For backup systems, retrieval and writing speed are critical factors, as backups will need to be conducted on a regular basis. Capacity is less critical, especially if an incremental approach is used; each incremental backup may contain only a small amount of data. Because of the cyclical nature of such backups, media can often be recycled.

Conversely, speed is not such a problem for archives, since these rarely need to be accessed with the same urgency as backups. Media reliability is, however, critical; especially if an archive tape contains the only copy of important business documents. Particularly sensitive information should ideally be stored in more than one archive, but this may not be practical because of cost considerations.

Archives tend to demand higher capacities than backups, since they contain complete sets of information. As with backup tapes, it is important to keep at least one archive copy off-site to allow information to be retrieved in the event of a major physical disaster such as flooding or earthquakes. Because archives don't need to be readily accessible on short notice and often contain critical and confidential business information, secured environments such as safe deposit boxes are often used for off-site storage.
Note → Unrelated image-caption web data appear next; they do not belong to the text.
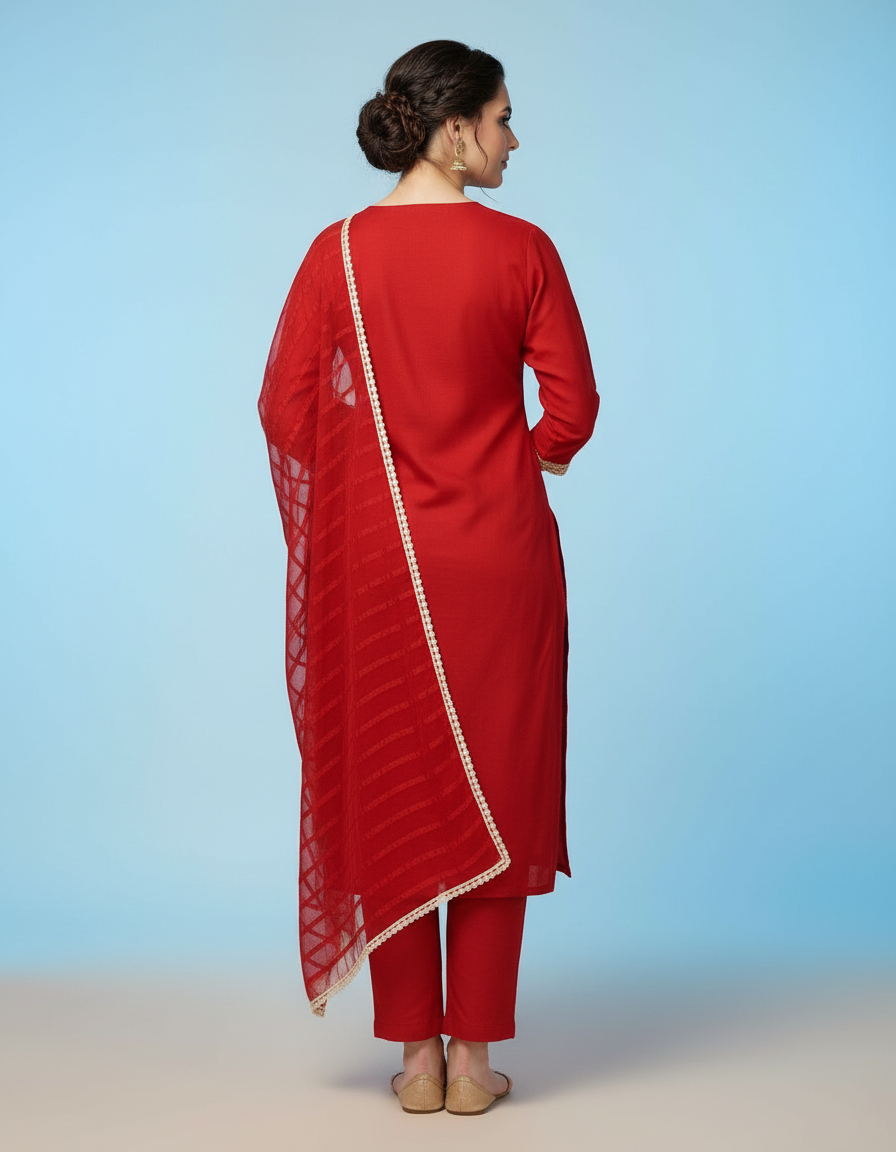 3-Piece Hand-Embroidered Festive Ensemble view 3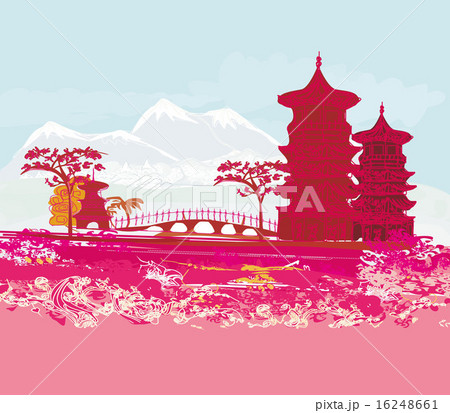 Chinese temple on abstract Asian Landscape Chinese temple on abstract Asian Landscape 16248661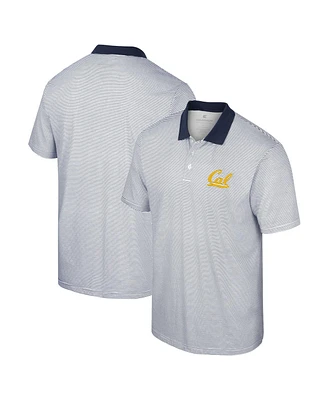 Men's Colosseum White, Navy Cal Bears Print Stripe Polo Shirt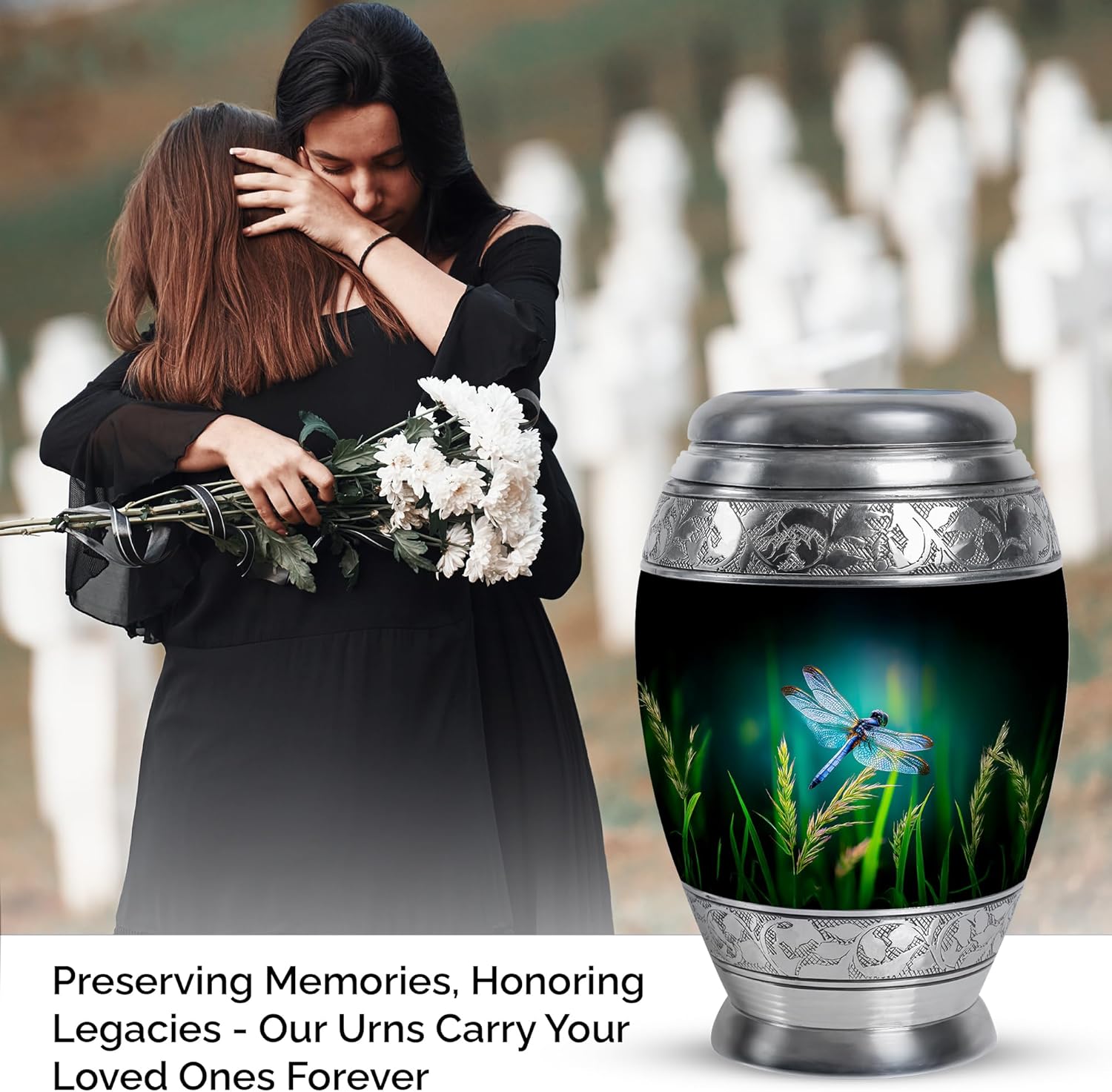 Dragonfly Cremation Urn 10 Inch for Human Ashes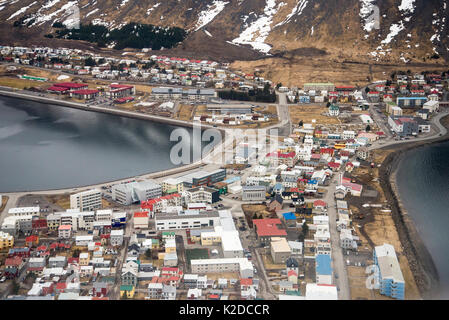 Aerial view of Isafjordur, Westfjords, Iceland. April Stock Photo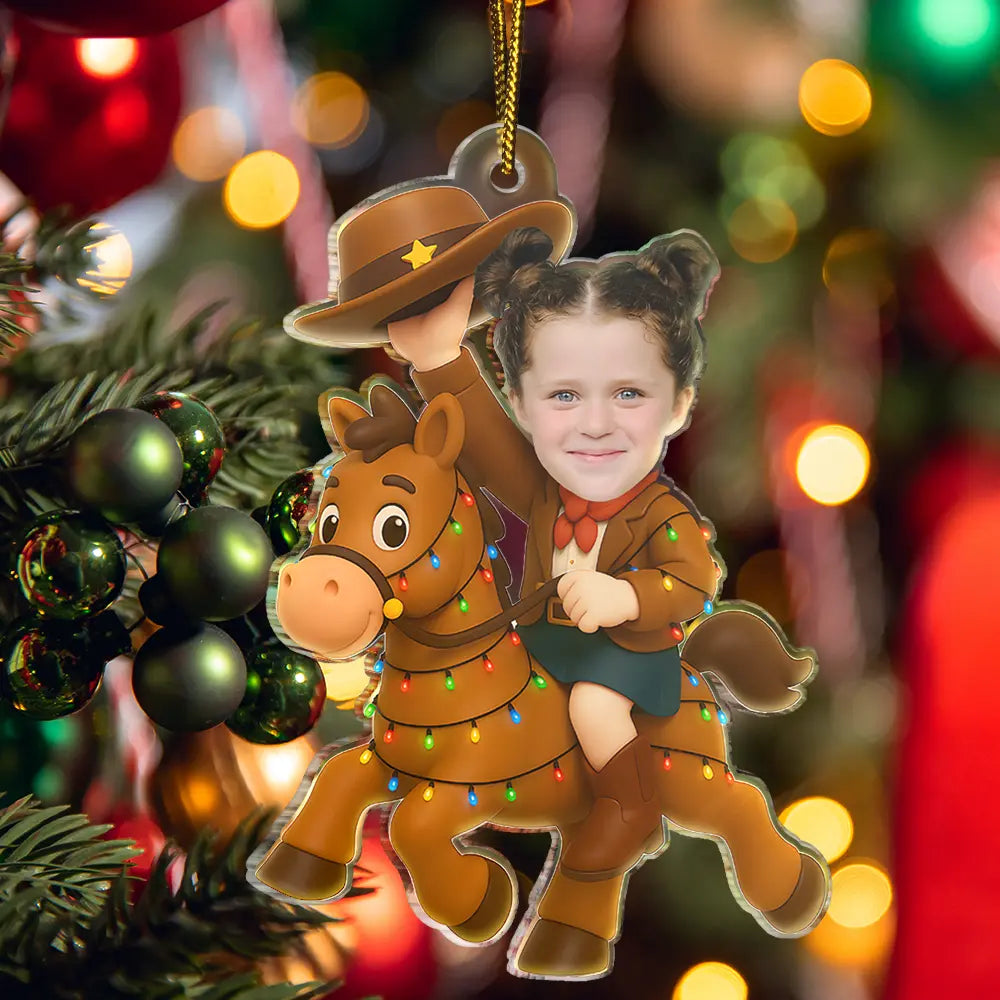 Gift For Kids, Gift For Grandkids, Photo Hobby Ornament, Custom Photo, Funny, Christmas - Custom Photo Little Cowboy Kid Boy Kid Girl - Personalized Acrylic Photo Ornament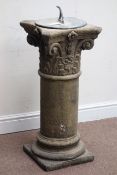 Circular West Country composite stone Corinthian column sundial with lead dial,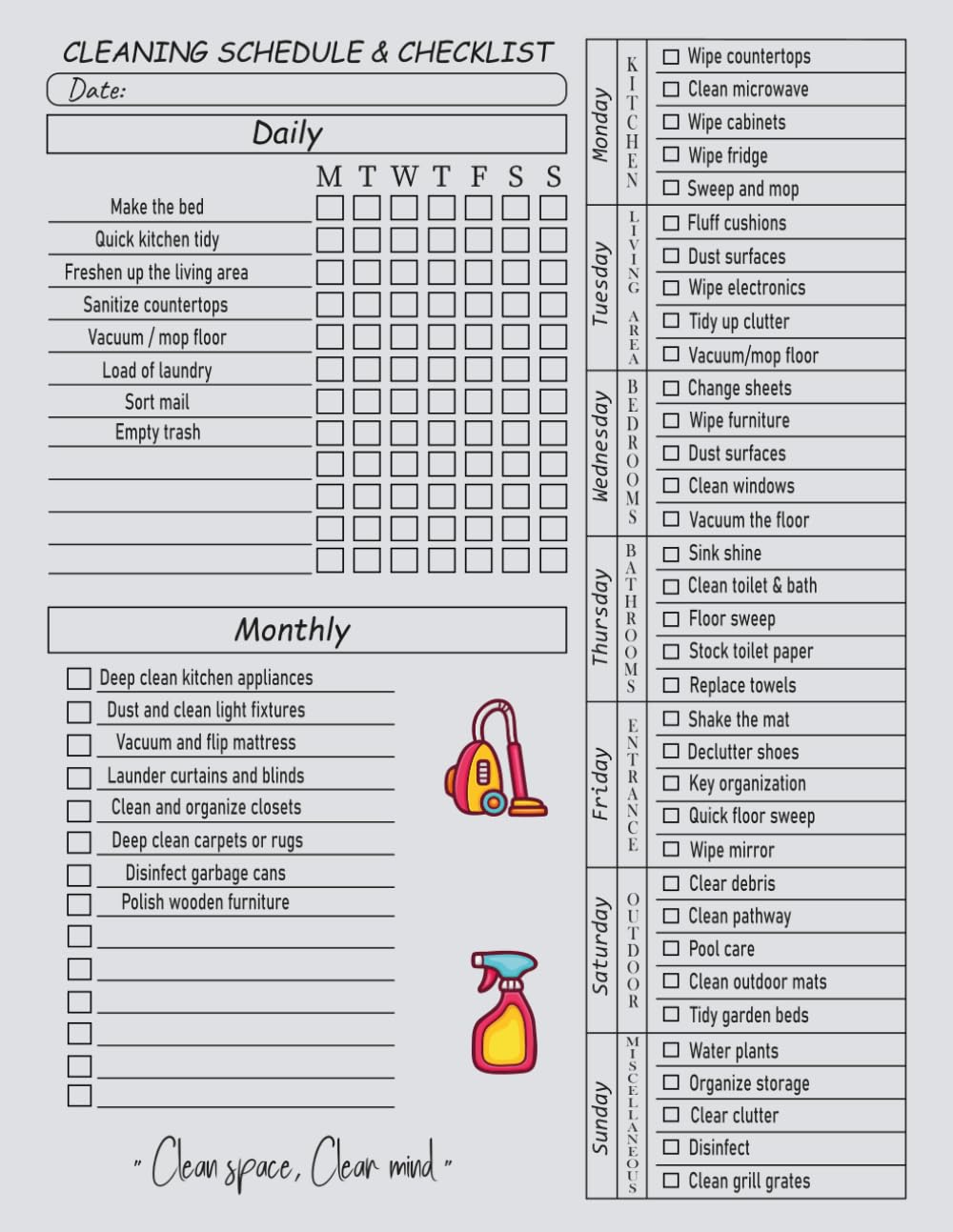 House Cleaning Schedule Checklist & Planner: Daily, Weekly and Monthly Housekeeping Checklists baixar livro de graça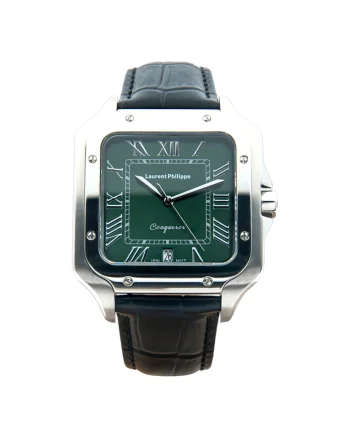 Ceas bărbați  Conqueror Emerald Phantom, inox, cristale safir, verde smarald, curea piele neagră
It's important to consider likely network growth when planning a backup system. As well as being able to handle backup of current systems, your plans also need to take into account the volume of archiving that might be required, and the possible influence of company expansion and new technologies. For instance, the emergence of e-mail as a key business communications tool has significantly expanded the volume of data which needs to be archived by businesses. Such archives can take on great legal importance, as Microsoft has discovered during its long-running antitrust battle with the US Department of Justice. Other applications that may increase the volume of data to be stored include voice-over-IP systems and networked e-learning systems.

In both fields, capacity can be increased by the use of compression systems, which reduce the amount of data that needs to be stored and transferred. (When comparing transfer speeds, you need to be sure that the rate you're assessing is the raw transfer speed, not the one which incorporates compression). Typically, tape storage systems offer a maximum compression ratio of around 2:1, but this may be difficult to achieve in practice, especially if the data you are storing is already subject to routine software compression.

As tape speeds continue to increase, a third category of tape applications is also emerging: near-real time access for large repositories of data which users need to be able to access on a regular basis, but which aren't utilised frequently enough to justify the expense involved in high-speed disk storage. This trend has been particularly pronounced in multimedia applications, which have very high-volume storage requirements. In such applications, you may want to minimise the use of compression unless your users have access to systems powerful enough to handle this on the fly.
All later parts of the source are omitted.